In addition to the matter of intellectual property rights discussed in Chapter 3 - who owns (and benefits from the use of) the technologies to be transferred - there is a need to take into account the resource rights for the productive resources that would be used or affected by the transfer of any technology. These resources include land (certainly for agriculture and forestry), natural resources (forests, water, coastal areas), factories, and other productive resources.

The literature on technology transfer and development in agriculture, forestry, and coastal resources is rich with examples of the importance of resource rights. Certain programmes have failed because governments ignored resource rights, or ignored conflicts between legal resource rights and traditional or local resource systems. Other examples have shown how resource rights can affect the incentives to landowners to adopt new technologies.

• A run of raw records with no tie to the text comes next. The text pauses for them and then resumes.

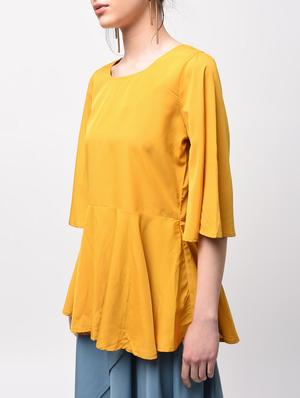 flared sleeved pep hem top - 15956741 - Standard Image - 5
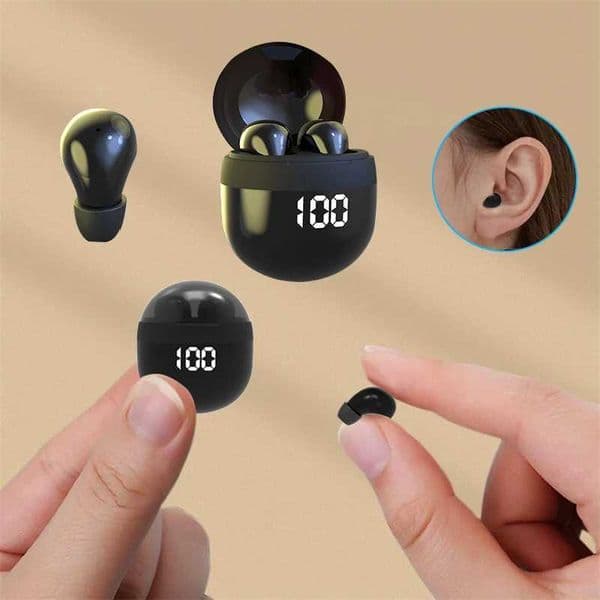 Invisible Headphones TWS Mini Earphones Wireless 53 Earbuds with Microphone Noise Reduction In-Ear Headset for Phone Z260518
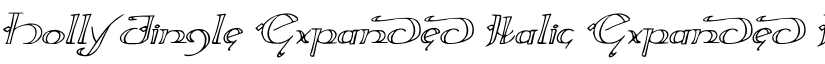 Holly Jingle Expanded Italic Expanded Italic font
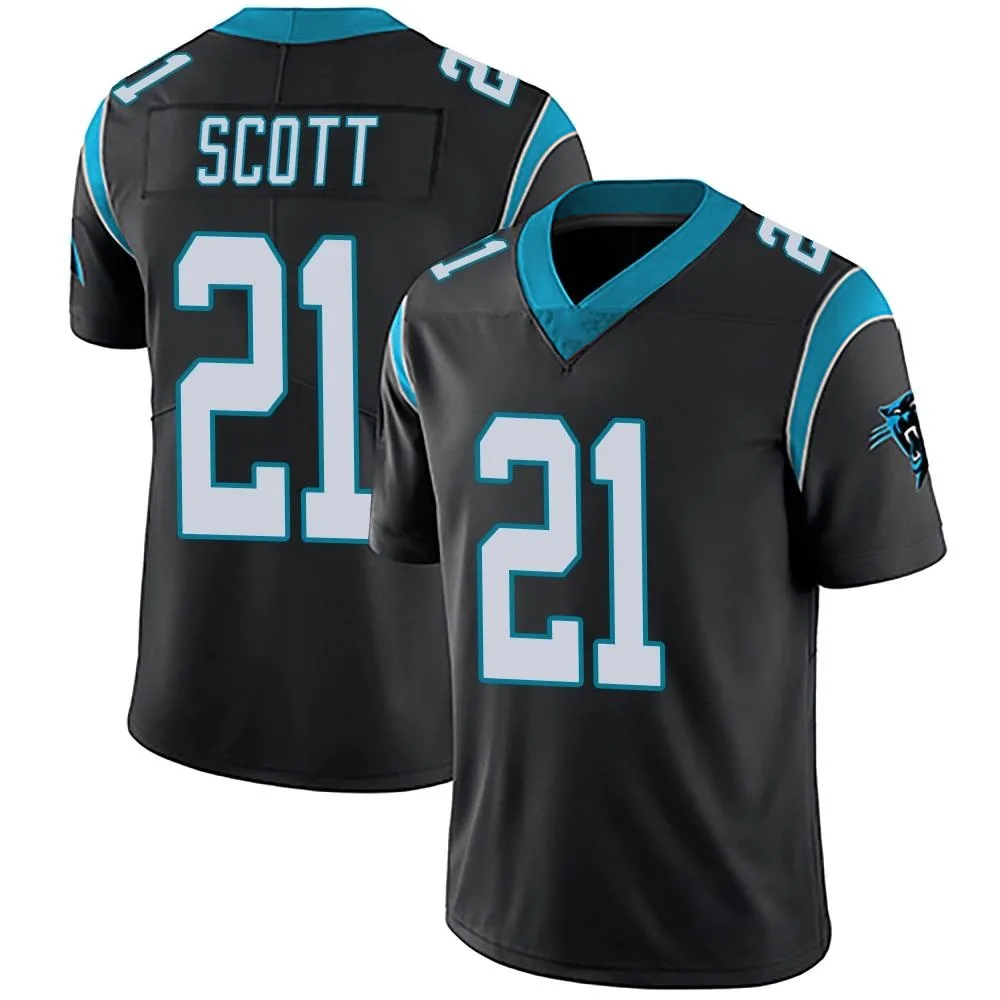 Men's Carolina Panthers Nick Scott Nike Team Color Vapor Untouchable Limited Black Jersey Men's Carolina Panthers Nick Scott Nike Team Color Vapor Untouchable Limited Black Jersey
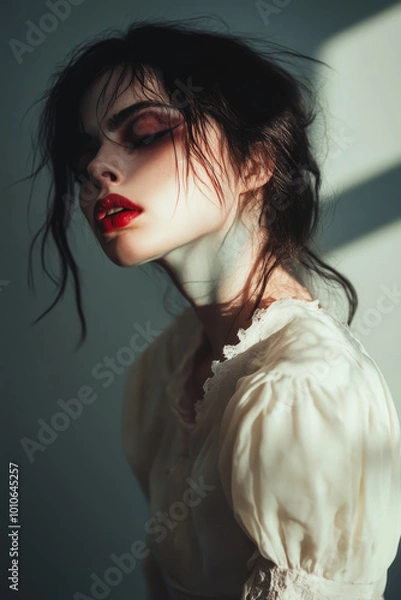 Fototapeta portrait of a vampire feminine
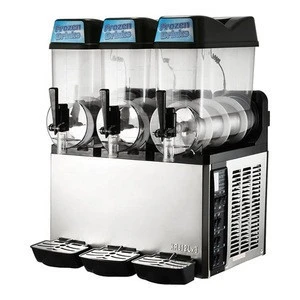 12L  china three flavour  slushy  machine with led light on the top of the cover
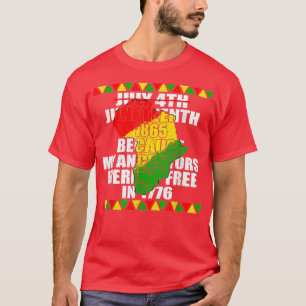 十二祖先黒アフリカ系アメリカ国旗P Tシャツ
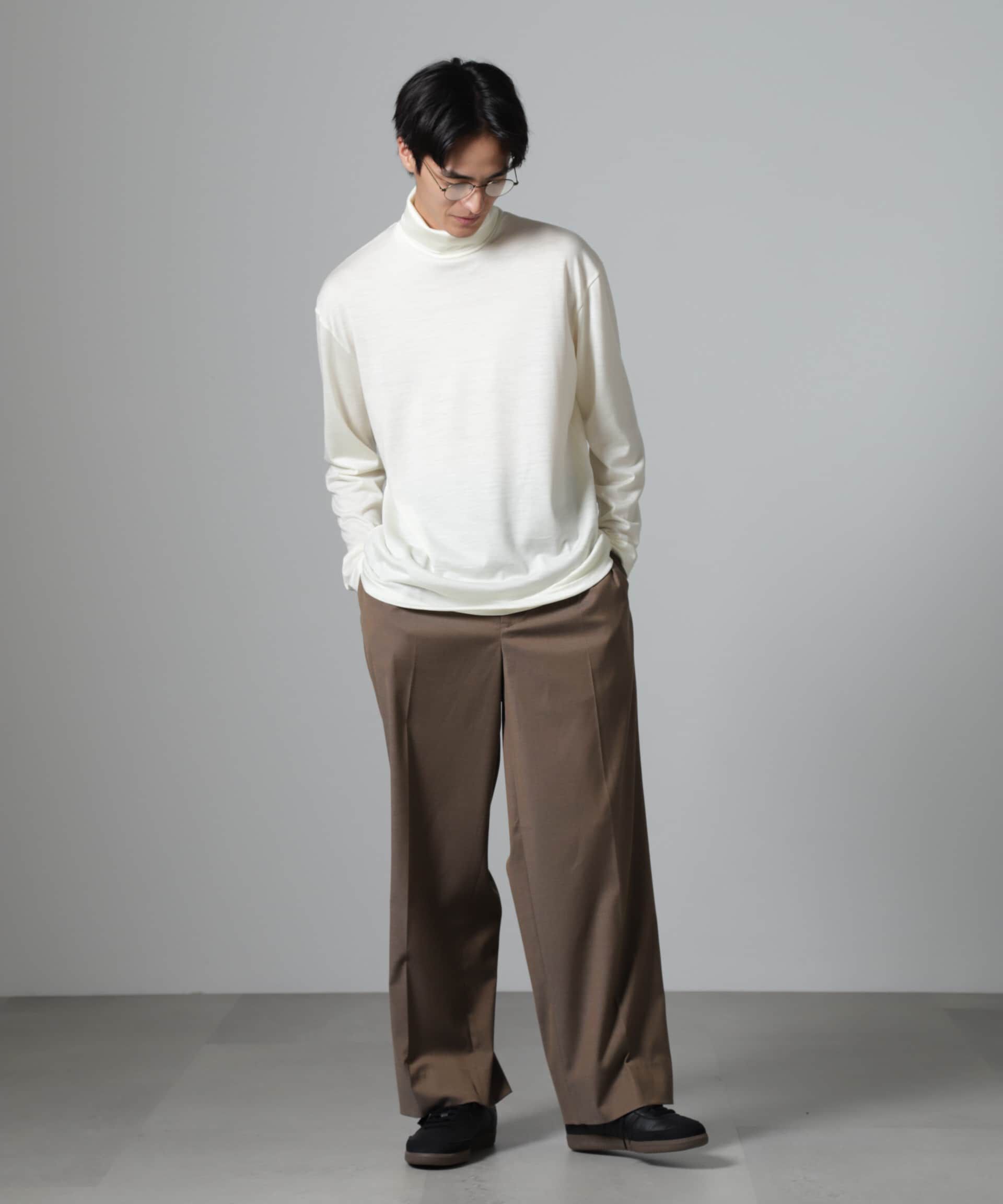 nano･universe「「100%ウォッシャブルウール」タートルネック」|Tシャツ・カットソー|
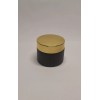 Meliars Envase Pomadera 50 Grs Negro Frost Tapa Dorada Y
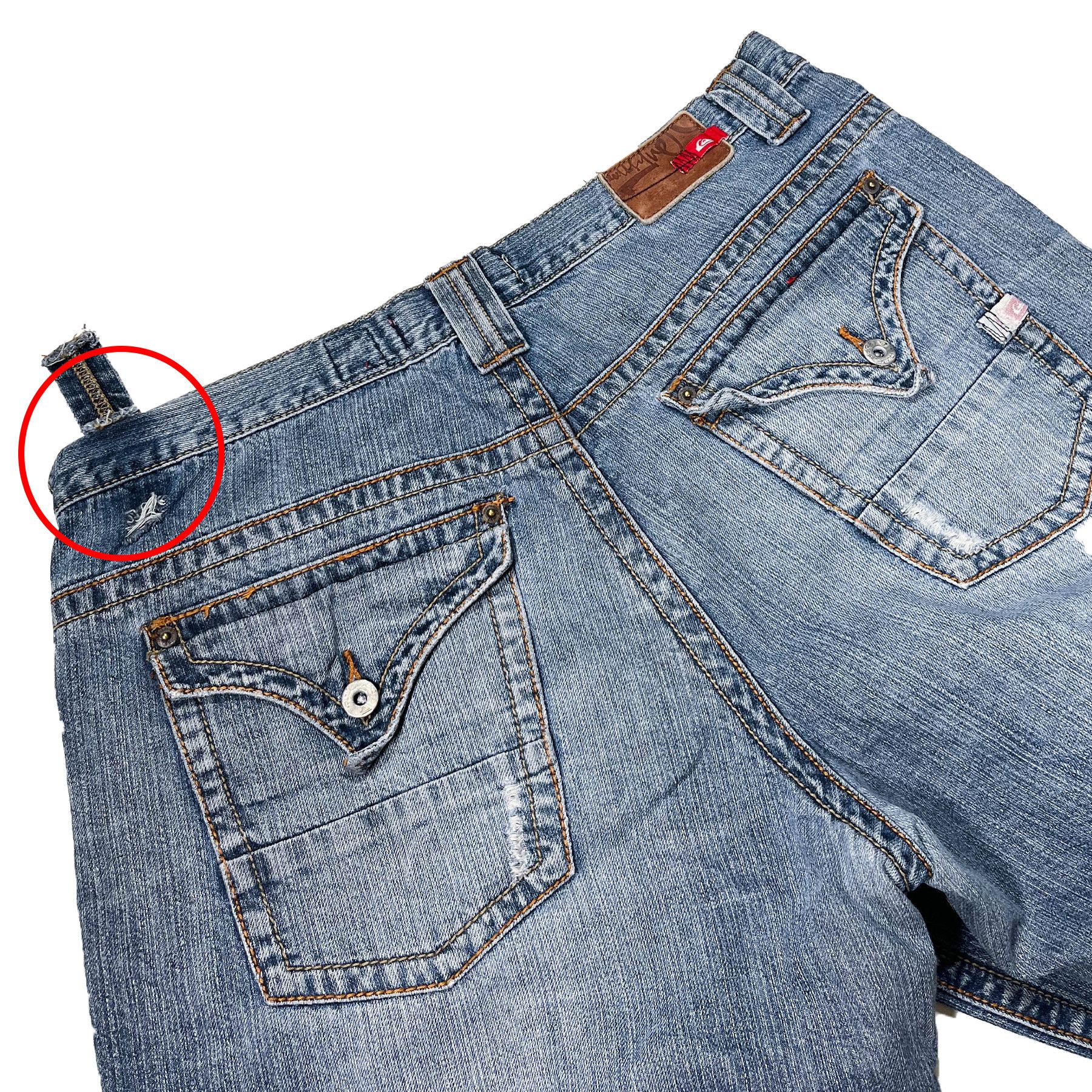 Quiksilver Quiksilver Vintage Stressed Y2K Wide Leg Jeans • W38 Size US 38 / EU 54 - 6 Thumbnail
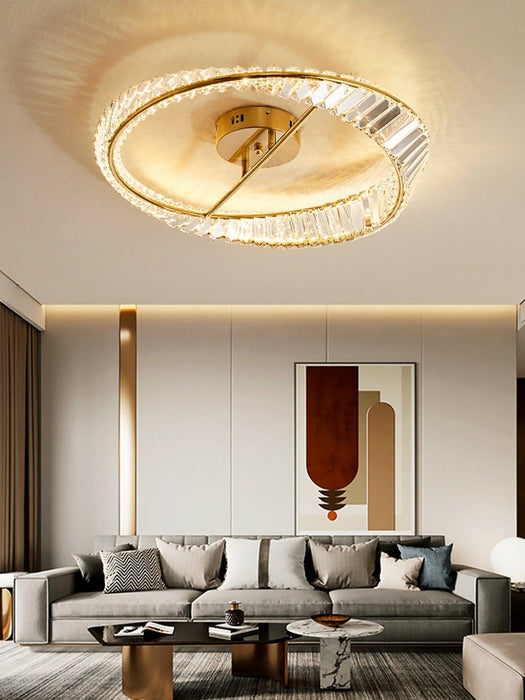 Crystal Rings Ceiling Lamp.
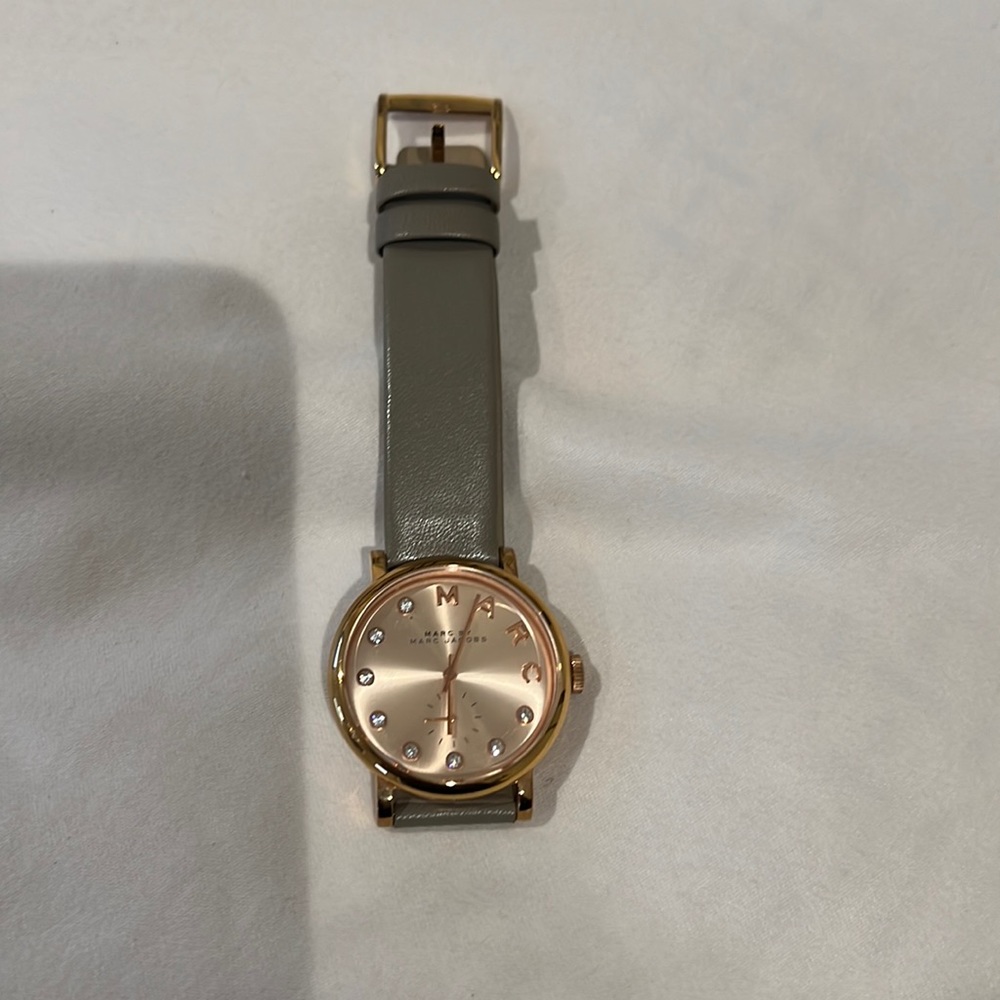 Grey/Rose Gold Marc Jacobs Watch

If governments or others trying to introduce the technologies take into account the property relations of the land or resources affected by the technologies, they can adapt the technologies or take other measures that can ameliorate the potential disruptive social impacts of the new technologies. Better yet, technologies can be selected that are more appropriate to the particular property relations of the affected resources.

The distribution and control of property is a fundamental component of human relations: "property rights are but formal expressions of authority between persons and groups of persons." (Denman, 1978, p. 101). Property relations reflect the organisation of economic production and the allocation of wealth; property has traditionally been the foundation of political control and a key to social status (Agarwal, 1994).

The relation between technology transfer and property rights is multi-faceted. The adoption of a technology - by whom, and how extensive the adoption - is often contingent of the form of property relations. Forms of property rights can contribute to practices that degrade the environment (Thiesenhusen, 1991), and block the adoption of ameliorative practices or technologies.

Once a technology is adopted, the changes in production stimulated by the technology can often lead to shifts in property relations, and hence to shifts in economic and political power, from the household and local levels to the national level. If technologies are introduced that are more appropriate, more easily adopted, or otherwise appropriated by larger rather than smaller land owners, by owners rather than tenants, by men rather than women, or by one ethnic group rather than another, those introducing the technologies risk alienating and even further impoverishing already disadvantaged groups in the society (Agarwal, 1994; Carney and Watts, 1991).